A bicicleta passava ainda era dia e noite. Encostava-a à parede e seguia a pé para o campo, atrás do carro de mão. Aparece-me ligado à memória do lugar, paisagens substituídas. Um rosto afogueado a emergir dos feijoeiros, galochas avistadas por entre as videiras, som de borracha sobre o saibro. Uma sombra de viúvo pairava no ar dele, largos anos antes de a mulher lhe sobreviver. A ela só conheci um nome: a mulher do Francisco, por quem perguntava sempre. Na resposta descrevia meteorologias somáticas, porque a senhora trazia todo o tempo uma dor acoitada no corpo, em geografias diferentes.
Encontrava-o e apresentava-me o pulso. Eu gostava de lhe apertar a mão cheia de calos, as unhas contornadas por uma linha preta fechada. Havia nelas o atrito da terra, colada pelo suor. Na banda filarmónica tocava triângulo. O orgulho levantava-lhe o queixo feliz ao fazer tinir os ferrinhos, já com as faces congestionadas dos copos de vinho branco.
Num dia em que lhe dei umas roupas de homem, um pouco usadas mas de boa medida, deu-me um saco de supermercado cheio de nabos e dois de batatas. Apanhava-os num bocado de terra que roubara às silvas, deitando-lhes fogo, e onde cresciam sem cuidados que não os da chuva e da compostagem de folha e mato cortado que para ali se arrastava.
As batatas eram daquelas que acodem ao nome de tubérculos. Grandes e com formas variadas de saliências múltiplas. Por dentro havia porções nodosas e escuras, tive que as retirar com a ponta da faca, e descascá-las era tarefa de minúcia. Grelaram em pouco tempo. Os nabos não respeitavam o cânone do bolbo invertido e há muito que não tinham rama de nabiça, quanto mais grelo.

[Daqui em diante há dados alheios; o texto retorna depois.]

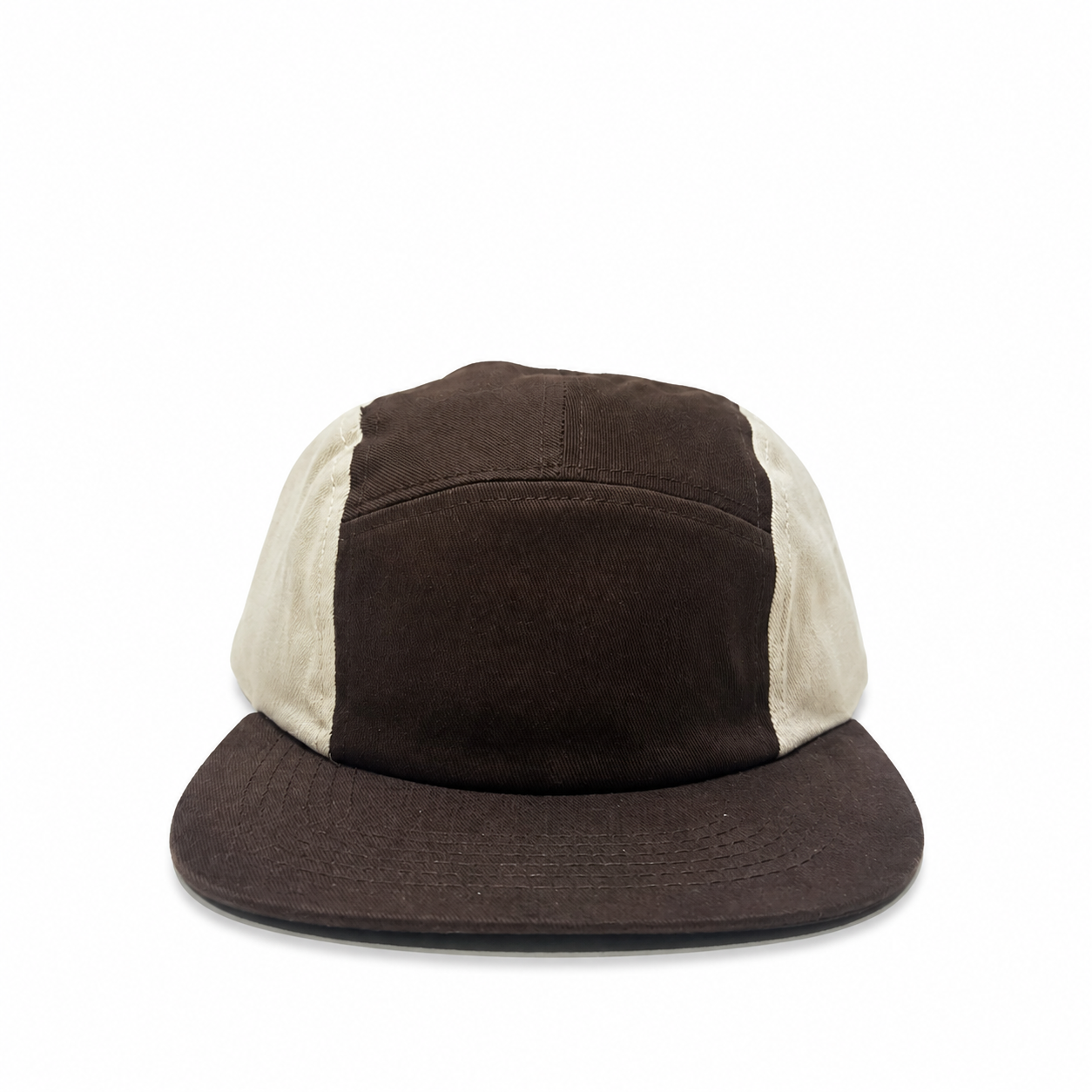 Boné Five Panel Bicolor Marrom e Bege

A lógica da batata é a de crescer para fora. Nós, grelamos por dentro. O Francisco trazia no bolso uma das pedras que expelira dos rins. Descrevia a agonia com caretas, a saltar de um pé ao outro como se estivesse aflitinho para deitar outra fora. A pedra era então retirada do bolso das calças e mostrada sobre a palma aberta. Uma minúscula batata de compra fossilizada, irregular e porosa. Fazia menção de lhe pegarmos. Quando não lhe devolvi a mão que me estendia recolheu o braço e fechou devagar os dedos, com medo de magoá-la. Sorriu primeiro com uma metade da boca e depois com a outra, invertendo a comissura. Baixou as pálpebras e deu meio passo atrás, condoído de si por simpatia com a pedra. Companheira do sofrimento físico a que se submetera, e que tanto lhe dava a contar, a pedra era tanto causa como consequência. Não era símbolo nem medalha; era o sintoma da sua bravura.